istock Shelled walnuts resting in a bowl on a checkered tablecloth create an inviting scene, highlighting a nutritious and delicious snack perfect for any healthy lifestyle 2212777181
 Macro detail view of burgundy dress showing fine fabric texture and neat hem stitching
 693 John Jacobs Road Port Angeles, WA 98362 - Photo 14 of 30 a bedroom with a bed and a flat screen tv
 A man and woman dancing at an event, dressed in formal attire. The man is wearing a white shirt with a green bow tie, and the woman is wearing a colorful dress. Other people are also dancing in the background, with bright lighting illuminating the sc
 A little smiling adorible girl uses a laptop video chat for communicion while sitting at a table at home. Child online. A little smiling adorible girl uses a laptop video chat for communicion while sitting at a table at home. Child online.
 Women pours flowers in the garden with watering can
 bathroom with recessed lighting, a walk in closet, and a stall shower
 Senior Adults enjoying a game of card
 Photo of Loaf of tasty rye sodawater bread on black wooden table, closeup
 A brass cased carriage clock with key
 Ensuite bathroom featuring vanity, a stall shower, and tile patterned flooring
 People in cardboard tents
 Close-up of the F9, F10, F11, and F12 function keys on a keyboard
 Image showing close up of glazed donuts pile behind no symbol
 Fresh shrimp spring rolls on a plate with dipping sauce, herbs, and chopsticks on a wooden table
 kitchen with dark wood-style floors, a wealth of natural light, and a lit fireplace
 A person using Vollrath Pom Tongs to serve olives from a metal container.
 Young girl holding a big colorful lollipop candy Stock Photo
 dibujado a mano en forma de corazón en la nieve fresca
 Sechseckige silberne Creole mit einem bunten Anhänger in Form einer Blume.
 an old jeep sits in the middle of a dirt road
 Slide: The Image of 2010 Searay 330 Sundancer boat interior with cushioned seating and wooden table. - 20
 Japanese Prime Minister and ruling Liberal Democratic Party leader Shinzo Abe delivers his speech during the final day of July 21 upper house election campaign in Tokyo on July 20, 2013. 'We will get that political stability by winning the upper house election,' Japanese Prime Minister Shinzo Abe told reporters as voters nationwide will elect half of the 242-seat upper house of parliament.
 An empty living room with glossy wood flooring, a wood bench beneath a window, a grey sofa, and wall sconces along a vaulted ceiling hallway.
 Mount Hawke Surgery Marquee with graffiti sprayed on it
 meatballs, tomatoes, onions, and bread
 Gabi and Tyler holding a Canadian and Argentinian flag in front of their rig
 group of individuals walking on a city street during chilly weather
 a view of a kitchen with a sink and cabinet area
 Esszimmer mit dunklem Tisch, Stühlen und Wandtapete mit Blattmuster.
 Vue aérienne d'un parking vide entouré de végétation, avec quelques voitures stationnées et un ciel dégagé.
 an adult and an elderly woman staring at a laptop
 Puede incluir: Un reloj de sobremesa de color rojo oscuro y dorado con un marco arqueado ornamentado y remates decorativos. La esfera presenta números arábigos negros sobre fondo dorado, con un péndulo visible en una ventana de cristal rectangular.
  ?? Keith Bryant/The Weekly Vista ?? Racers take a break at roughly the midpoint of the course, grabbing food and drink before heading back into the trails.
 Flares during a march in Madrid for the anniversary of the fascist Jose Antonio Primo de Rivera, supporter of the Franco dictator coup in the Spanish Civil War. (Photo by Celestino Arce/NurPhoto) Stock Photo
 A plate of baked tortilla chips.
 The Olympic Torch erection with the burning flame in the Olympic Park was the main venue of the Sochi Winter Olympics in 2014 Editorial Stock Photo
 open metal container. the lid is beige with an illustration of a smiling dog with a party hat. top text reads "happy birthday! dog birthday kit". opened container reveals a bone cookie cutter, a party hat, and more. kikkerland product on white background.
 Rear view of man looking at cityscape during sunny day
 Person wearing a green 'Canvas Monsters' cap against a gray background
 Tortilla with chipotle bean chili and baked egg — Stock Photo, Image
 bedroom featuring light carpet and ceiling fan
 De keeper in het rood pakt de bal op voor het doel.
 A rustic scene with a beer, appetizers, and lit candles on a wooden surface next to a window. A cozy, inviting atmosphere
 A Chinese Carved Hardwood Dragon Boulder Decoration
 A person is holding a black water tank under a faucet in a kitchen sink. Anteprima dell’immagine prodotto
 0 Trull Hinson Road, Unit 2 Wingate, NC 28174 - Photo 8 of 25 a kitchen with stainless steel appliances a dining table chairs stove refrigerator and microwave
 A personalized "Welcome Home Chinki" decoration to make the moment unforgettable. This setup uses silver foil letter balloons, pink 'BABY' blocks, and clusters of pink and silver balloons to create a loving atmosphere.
^^^^^^^^^^^^^^^^
#### WHAT IS BEING ASKED:
Starting with the line that holds "A plate of baked tortilla chips." and ending with the line that holds "The Olympic Torch", retype every line in the data above exactly, and nothing else.

#### REPLY TO THE EXERCISE:
 A plate of baked tortilla chips.
 The Olympic Torch erection with the burning flame in the Olympic Park was the main venue of the Sochi Winter Olympics in 2014 Editorial Stock Photo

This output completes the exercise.